Corsair uses a foam solution for their ear cushions, covered in the microfiber mesh. I found them to be quite comfortable even over extended gaming sessions, though they do allow a healthy amount of sound both in and out. They also dissipate heat easily and I rarely had to pause to vent my ears. When I did need a break, it wasn’t because of warmth or fatigue, even after several hours of extended use. The earcups easily turn to lie flat on your chest, as well.

Compared to the wired iteration of the Void Pro RGBs, these had slightly more grip and tended to stay in place better. This seems to be a result of a more rigid, or perhaps more dense, headband. I mention this because nowhere can I find any details on any design differences between the two models, but in a side by side comparison on a headphone stand, this wireless version unquestionably holds its shape better and feels better made as a result.

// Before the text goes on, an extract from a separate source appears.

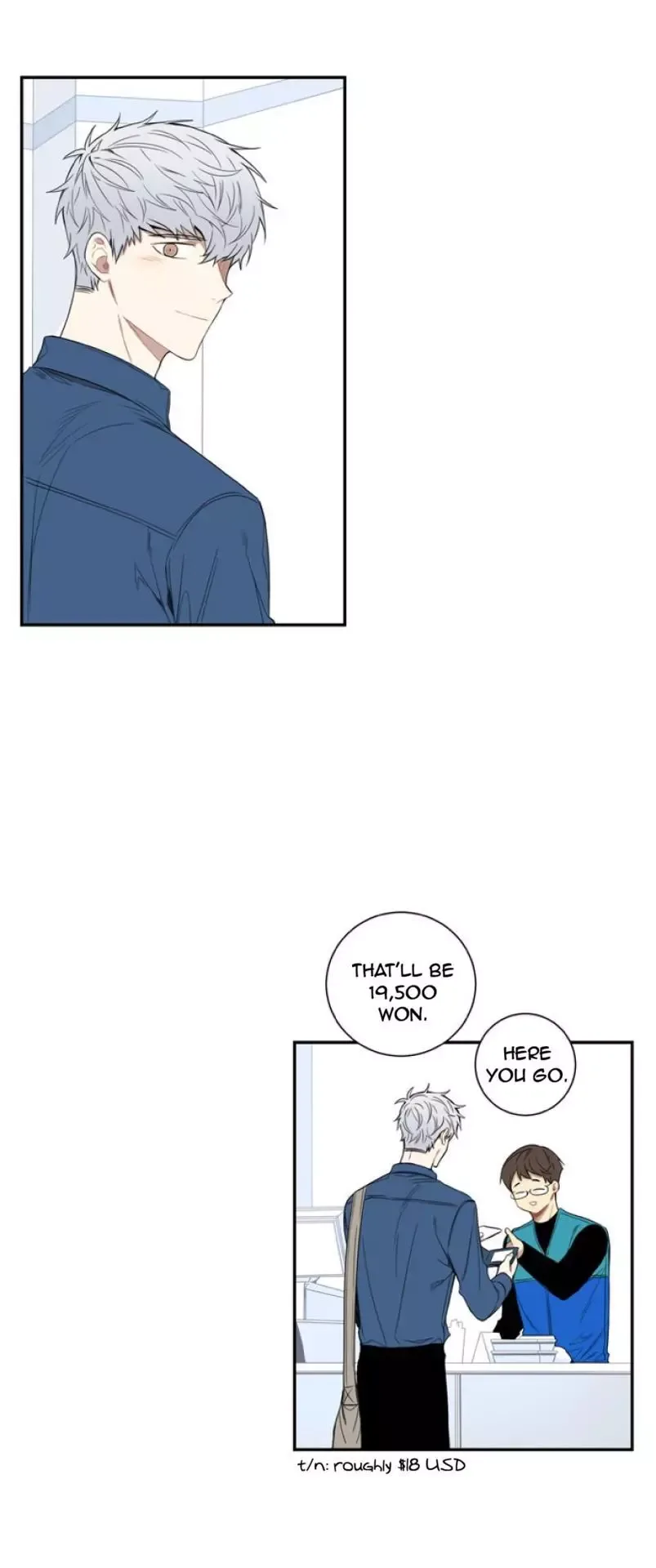 Cherry Blossoms After Winter Chapter 42 page 32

Sound Performance, Software Customization, Battery Life

The Void Pro RGB Wireless headphones feature Dolby Headphone 7.1 Surround Sound and are clearly intended to be used with this enabled. In games, this works to expand the soundstage but does fall into the “reverb trap” where certain sound cues can sound echo-y and distant. In World of Warcraft, for example, completing quests outdoors often sounded like I was inside a hallway instead of a massive valley. In other games with indoor environments, like Battlefield 1 or Wolfenstein: The New Colossus, the surround sound worked wonderfully.

Positional audio, on the other hand, was very good. In PlayerUnknown’s Battlegrounds, identifying the direction of a firefight or a fast approaching set of footsteps can make all the difference and the Void Pro RGBs performed very well for the cost.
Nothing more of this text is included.